"They're My Friends... I Made Them"
Dorothy Goode -- Artist Statement
A material choice is neither arbitrary nor essential. The skeletal system of these sculptures is taken from wood used to keep roughly 100 paintings in formation during my last show. The cleats were designed and executed by my friend Jon Erikson, out of simple plywood. When the show was dismantled, the wood was returned to me, carefully wrapped, with each board labeled and numbered. I did not mean to use the wood again as a structural device, but the care taken by the two people who had handled it (my friend and the man who installed the Sharpie Looks for God show) made it strangely impossible to throw out. It sat in the corner of my studio, various board lengths bundled in plastic, full of screw holes, and with my name printed on each, until just the sight of it filled me with the desire to cut and clamp.
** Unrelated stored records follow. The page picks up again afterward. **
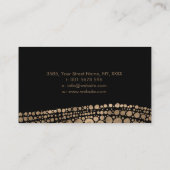 Goldene Beschaffenheit der eingeborenen Visitenkarte (Rückseite)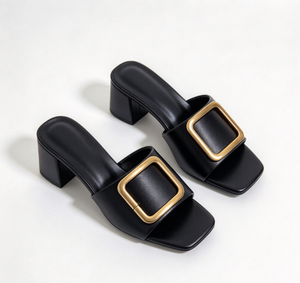 Chaussures d'été pour femmes à talons hauts en maille avec nœud, talon amande, bout ouvert et fin - Product Image 2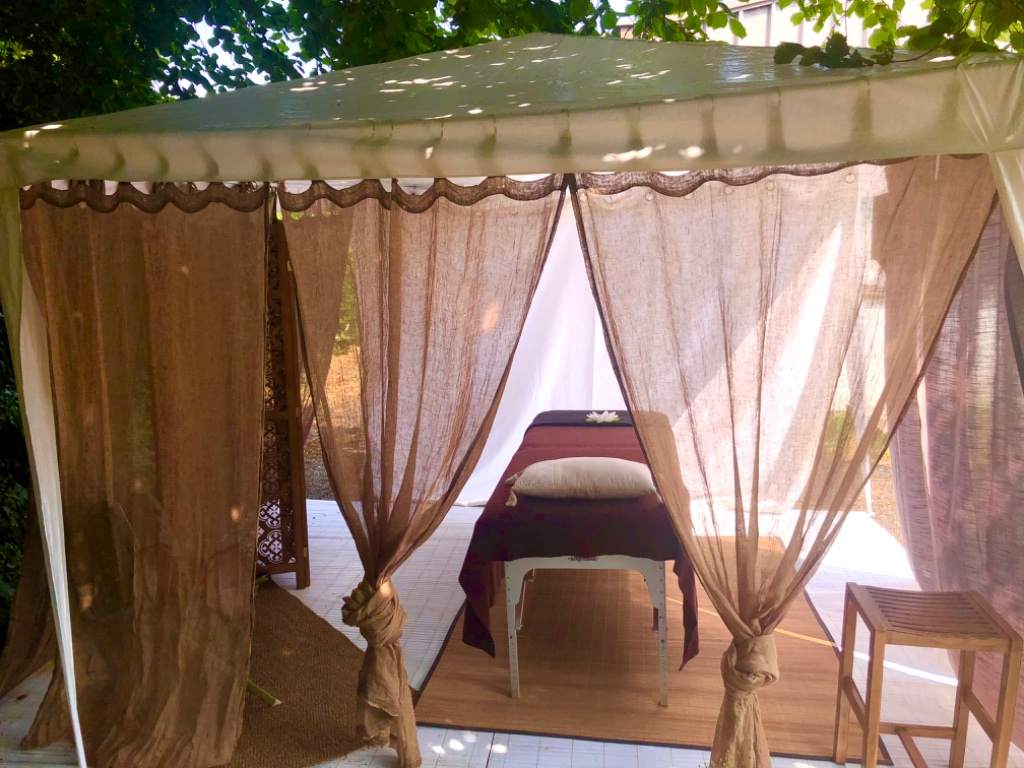 Massage en extérieur 3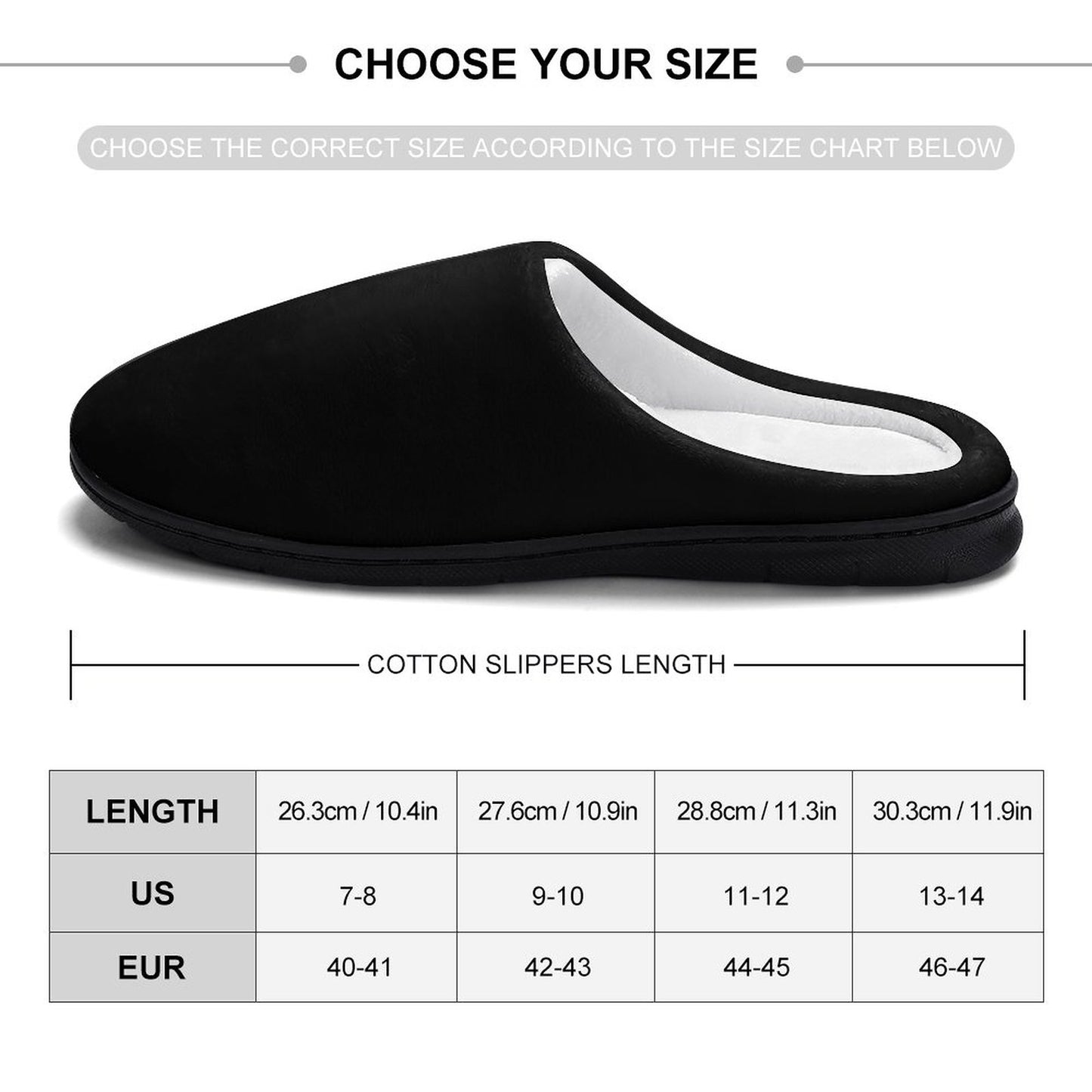 Personalized Men's Cotton Slippers (All-Over Printing)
I have not been accustomed to working in three dimensions. And it became quickly clear to me that decisions made in the round are qualitatively different than those with only a flat surface to contend with. Clamping is satisfying in its own right. Creating a tight seal between two discrete objects using basic tools has a challenge that is physical, geometrical, and psychological. I kept my methods simple. And I would continue to build upon an object until it took on a recognizable character in my mind.
Finishing was more difficult. Each piece was slathered in handmade gesso (as a painter I found this irresistible), which I, afterwards, hated the look of, and my mind began to rebel against the strong impulse to revert and treat the objects like complicated painting surfaces. I wanted the look of the finished work to reflect each necessary structural decision, along with each experiment or mistake. Whatever had happened to the object should leave its imprint. I found that muriatic acid chemically reacts with the calcium carbonate in my gesso, which was a fantastic freak of chance. Pieces were soon smashed apart and reassembled after some decoration or other interfered with what best identified them as characters. I used every last scrap of wood from the bundles. They became very much like little friends.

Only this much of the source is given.